Human ACF (78 ACF from 42 patients with sporadic colon cancer and 16 ACF from 6 patients with familial adenomatous polyposis) were identified microscopically in methylene blue-stained preparations of grossly normal colonic mucosa and marked with permanent ink as described previously (11) . The ACF had 60 ± 58 (mean ± SD) crypts/focus (range, 7–255 crypts/focus) that had a mean size of 2.0 ± 1.7 mm² (range, 0.2–8.3 mm²). In addition, 10 carcinomas and 12 adenomas were included for comparison. All human colonic tissues were provided by the Western Division of the Cooperative Human Tissue Network of the National Cancer Institute at Case Western Reserve University. The tissues were fixed in phosphate-buffered 10% formalin (Fisher Scientific, Pittsburgh, PA) and embedded in paraffin. Multiple 5-µm sections were cut, mounted on the Superfrost/Plus slides (Fisher Scientific), and stored at either 4°C or room temperature. H&E-stained sections of ACF near to those used for immunostaining were evaluated for atypia or dysplasia (mild, moderate, or severe) as described previously (11) .

Immunohistochemical Analysis.
Sections were heated at 60°C for 75 min, deparaffinized in xylene twice for 7 min, and rehydrated through graded alcohols. Antigen retrieval was carried out by heating sections in 0.01 M citrate buffer (pH 6.6) in a pressure cooker, as we have done previously (12) . Slides stored at 4°C were held at full pressure in a pressure cooker for 3 min; slides kept at room temperature were held at full pressure for 10–15 min to obtain optimal results (membranous expression of ß-catenin in normal adjacent colonic mucosa).
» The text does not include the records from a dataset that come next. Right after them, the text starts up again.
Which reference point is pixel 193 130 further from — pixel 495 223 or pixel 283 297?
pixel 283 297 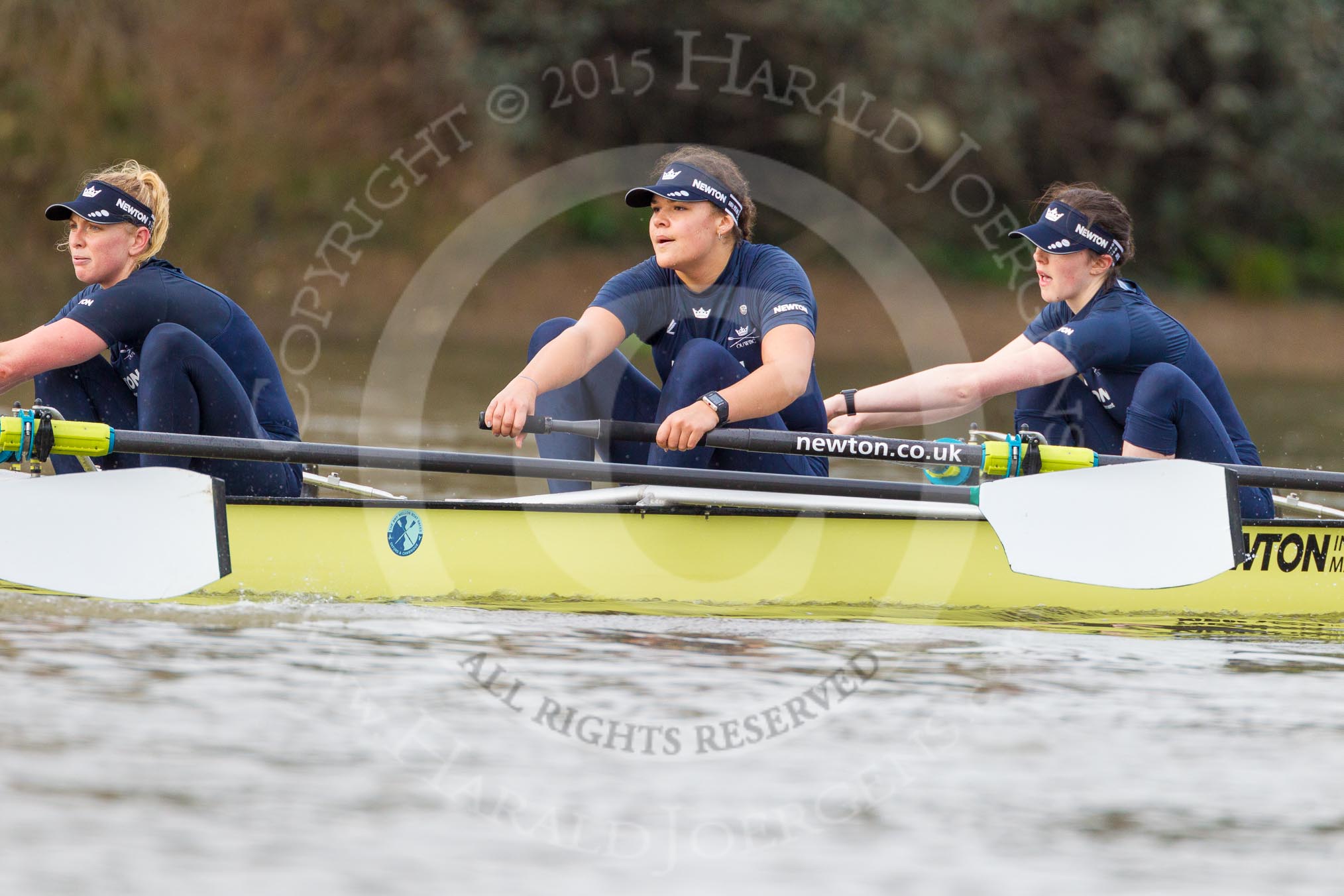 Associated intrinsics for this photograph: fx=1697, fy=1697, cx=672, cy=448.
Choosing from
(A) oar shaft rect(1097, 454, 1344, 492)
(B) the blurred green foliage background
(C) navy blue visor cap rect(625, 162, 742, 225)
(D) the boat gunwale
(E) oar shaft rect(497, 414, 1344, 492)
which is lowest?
(D) the boat gunwale

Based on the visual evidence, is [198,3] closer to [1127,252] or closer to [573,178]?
[573,178]

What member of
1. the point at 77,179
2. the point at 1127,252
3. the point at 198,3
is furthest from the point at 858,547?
the point at 198,3

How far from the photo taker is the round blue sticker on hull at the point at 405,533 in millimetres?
5828

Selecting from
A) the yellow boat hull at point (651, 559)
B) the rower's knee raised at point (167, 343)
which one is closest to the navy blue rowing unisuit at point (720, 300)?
the yellow boat hull at point (651, 559)

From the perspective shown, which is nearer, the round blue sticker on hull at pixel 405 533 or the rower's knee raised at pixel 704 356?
the round blue sticker on hull at pixel 405 533

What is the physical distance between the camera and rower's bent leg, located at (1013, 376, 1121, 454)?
21.8 ft

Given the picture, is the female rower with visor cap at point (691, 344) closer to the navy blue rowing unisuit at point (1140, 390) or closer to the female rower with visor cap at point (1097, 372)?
the female rower with visor cap at point (1097, 372)

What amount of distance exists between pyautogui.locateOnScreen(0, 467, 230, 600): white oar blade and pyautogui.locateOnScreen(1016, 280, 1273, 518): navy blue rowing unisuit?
3.15m

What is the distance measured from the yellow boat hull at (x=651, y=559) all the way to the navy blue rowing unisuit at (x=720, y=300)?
0.63m

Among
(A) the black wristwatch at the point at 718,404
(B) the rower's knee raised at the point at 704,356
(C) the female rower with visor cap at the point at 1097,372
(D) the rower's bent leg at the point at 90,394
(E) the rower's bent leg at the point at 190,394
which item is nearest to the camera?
(E) the rower's bent leg at the point at 190,394

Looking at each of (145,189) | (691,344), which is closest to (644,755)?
(691,344)

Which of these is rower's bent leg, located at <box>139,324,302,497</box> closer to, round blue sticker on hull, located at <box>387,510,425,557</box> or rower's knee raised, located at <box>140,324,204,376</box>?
rower's knee raised, located at <box>140,324,204,376</box>

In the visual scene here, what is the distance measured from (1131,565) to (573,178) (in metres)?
16.7

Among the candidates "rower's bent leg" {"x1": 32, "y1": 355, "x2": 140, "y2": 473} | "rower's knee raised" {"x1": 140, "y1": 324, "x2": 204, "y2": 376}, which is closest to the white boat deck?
"rower's knee raised" {"x1": 140, "y1": 324, "x2": 204, "y2": 376} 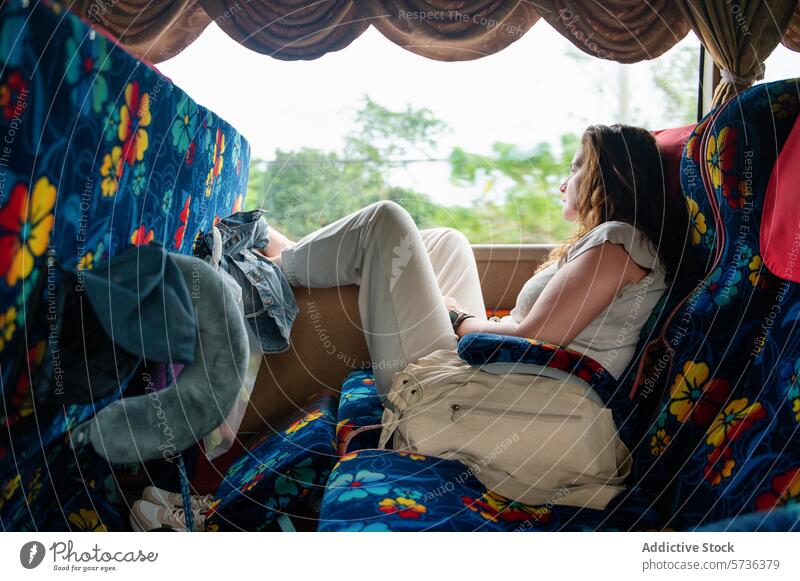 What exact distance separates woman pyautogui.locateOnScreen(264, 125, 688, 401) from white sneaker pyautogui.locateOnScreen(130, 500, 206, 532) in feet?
1.32

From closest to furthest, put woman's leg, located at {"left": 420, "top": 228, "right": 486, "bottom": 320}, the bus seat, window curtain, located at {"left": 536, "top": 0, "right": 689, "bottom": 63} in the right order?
1. the bus seat
2. woman's leg, located at {"left": 420, "top": 228, "right": 486, "bottom": 320}
3. window curtain, located at {"left": 536, "top": 0, "right": 689, "bottom": 63}

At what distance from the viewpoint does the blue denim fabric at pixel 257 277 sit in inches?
50.6

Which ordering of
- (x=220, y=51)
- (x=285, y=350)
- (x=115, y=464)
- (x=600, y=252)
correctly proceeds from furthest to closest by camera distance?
1. (x=220, y=51)
2. (x=285, y=350)
3. (x=600, y=252)
4. (x=115, y=464)

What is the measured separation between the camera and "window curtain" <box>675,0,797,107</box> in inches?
70.0

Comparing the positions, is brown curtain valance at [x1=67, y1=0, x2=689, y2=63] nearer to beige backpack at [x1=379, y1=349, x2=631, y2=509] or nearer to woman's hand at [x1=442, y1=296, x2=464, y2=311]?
woman's hand at [x1=442, y1=296, x2=464, y2=311]

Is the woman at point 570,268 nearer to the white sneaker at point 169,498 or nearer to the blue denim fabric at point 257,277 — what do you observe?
the blue denim fabric at point 257,277

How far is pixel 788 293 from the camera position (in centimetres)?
81

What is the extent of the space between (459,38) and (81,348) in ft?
4.79

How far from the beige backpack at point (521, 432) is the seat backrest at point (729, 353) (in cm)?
7

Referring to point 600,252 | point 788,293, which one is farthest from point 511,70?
point 788,293

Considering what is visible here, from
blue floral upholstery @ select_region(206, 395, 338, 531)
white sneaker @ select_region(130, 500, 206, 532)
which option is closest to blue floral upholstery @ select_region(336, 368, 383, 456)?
blue floral upholstery @ select_region(206, 395, 338, 531)

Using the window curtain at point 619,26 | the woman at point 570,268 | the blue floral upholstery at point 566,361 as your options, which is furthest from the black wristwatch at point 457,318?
the window curtain at point 619,26

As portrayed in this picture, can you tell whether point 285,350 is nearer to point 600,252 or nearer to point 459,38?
A: point 600,252

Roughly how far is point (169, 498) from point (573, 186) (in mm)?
923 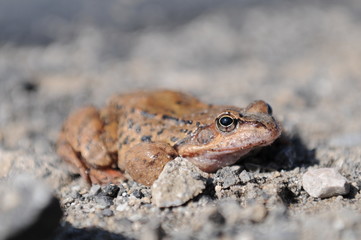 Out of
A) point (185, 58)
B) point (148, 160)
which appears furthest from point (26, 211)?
point (185, 58)

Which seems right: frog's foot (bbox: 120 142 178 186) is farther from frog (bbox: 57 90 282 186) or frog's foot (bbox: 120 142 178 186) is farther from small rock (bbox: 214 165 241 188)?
small rock (bbox: 214 165 241 188)

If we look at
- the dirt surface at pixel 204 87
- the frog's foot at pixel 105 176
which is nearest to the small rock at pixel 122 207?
the dirt surface at pixel 204 87

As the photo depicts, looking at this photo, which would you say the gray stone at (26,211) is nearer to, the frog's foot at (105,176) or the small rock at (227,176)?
the frog's foot at (105,176)

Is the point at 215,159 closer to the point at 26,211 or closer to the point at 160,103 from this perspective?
the point at 160,103

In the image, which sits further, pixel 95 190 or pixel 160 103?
pixel 160 103

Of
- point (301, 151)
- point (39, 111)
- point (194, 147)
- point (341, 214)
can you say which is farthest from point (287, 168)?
point (39, 111)

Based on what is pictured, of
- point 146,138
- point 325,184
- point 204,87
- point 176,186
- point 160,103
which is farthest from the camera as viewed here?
point 204,87

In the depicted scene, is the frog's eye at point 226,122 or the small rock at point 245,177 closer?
the small rock at point 245,177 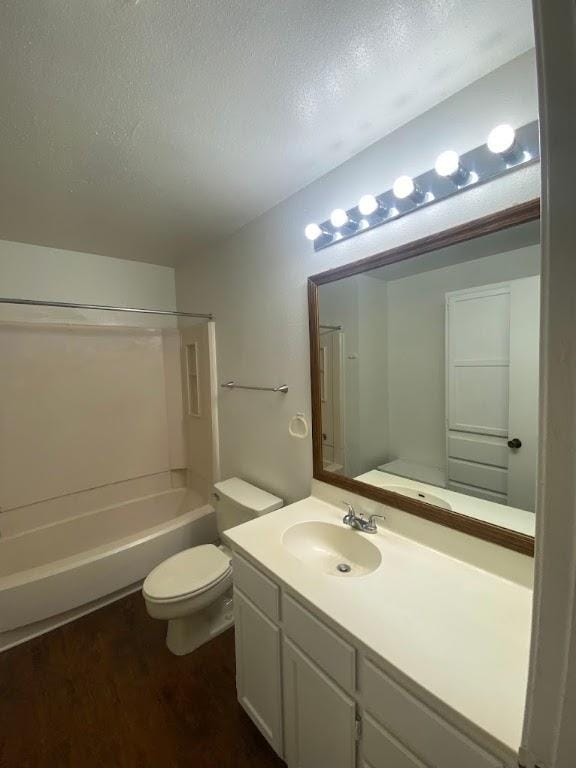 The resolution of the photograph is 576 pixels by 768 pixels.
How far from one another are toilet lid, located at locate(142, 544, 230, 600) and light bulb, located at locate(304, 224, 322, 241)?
179 centimetres

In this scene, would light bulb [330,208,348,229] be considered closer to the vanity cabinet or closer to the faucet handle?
the faucet handle

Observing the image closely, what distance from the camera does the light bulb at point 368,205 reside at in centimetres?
128

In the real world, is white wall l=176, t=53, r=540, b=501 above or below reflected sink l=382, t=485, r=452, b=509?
above

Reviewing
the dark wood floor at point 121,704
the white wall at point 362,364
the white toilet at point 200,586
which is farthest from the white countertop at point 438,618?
the dark wood floor at point 121,704

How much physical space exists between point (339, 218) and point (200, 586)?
1899mm

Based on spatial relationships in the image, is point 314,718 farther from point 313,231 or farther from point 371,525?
point 313,231

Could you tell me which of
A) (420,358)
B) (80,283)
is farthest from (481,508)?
(80,283)

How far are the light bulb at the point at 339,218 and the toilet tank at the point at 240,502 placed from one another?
1.45 m

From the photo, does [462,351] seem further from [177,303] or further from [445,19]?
[177,303]

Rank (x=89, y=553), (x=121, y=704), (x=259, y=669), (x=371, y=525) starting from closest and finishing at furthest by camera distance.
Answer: (x=259, y=669), (x=371, y=525), (x=121, y=704), (x=89, y=553)

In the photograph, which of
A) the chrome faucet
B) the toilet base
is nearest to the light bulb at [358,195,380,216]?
the chrome faucet

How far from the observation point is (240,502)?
1.80 m

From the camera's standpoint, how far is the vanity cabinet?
2.32 feet

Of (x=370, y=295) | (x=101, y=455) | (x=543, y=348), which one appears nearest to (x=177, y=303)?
(x=101, y=455) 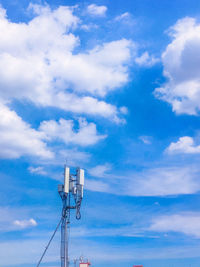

To prevent nonspecific staining, the sections were incubated in a blocking solution of 10% normal horse serum in PBS [0.01 M phosphate (pH 7.4) and 0.137 M NaCI] for 15 min. Sections were incubated for 1 h at 37°C in a humidified chamber with mouse monoclonal anti-ß-catenin antibody (IgG1; Transduction Laboratories, Lexington, KY) diluted 1:2000 in blocking solution. Control sections were incubated with mouse monoclonal anti-bromodeoxyuridine (IgG1; Chemicon, Temecula, CA) or normal horse serum at the same concentration as the primary antibody for a negative control in every set of slides stained. The remaining procedures took place at room temperature. Sections were washed in PBS, incubated for 30 min with biotinylated horse antimouse IgG (Vector Laboratories, Burlingame, CA) diluted 1:200 in blocking solution, and treated with 3% hydrogen peroxide in 30% methanol for 10 min to stop endogenous peroxidase activity. After washing in distilled water, the sections were incubated for 30 min in streptavidin-biotinylated horseradish peroxidase complex (Amersham Corp., Arlington Heights, IL) diluted 1:100 in blocking solution, washed in PBS, and incubated with the substrate, 3'-diaminobenzidine (Sigma Chemical Co.). The slides were counterstained with 0.1% methyl green for 3 min, dried, and mounted with 50% Clearium/50% xylene (Surgipath Medical Industries, Inc., Richmond IL).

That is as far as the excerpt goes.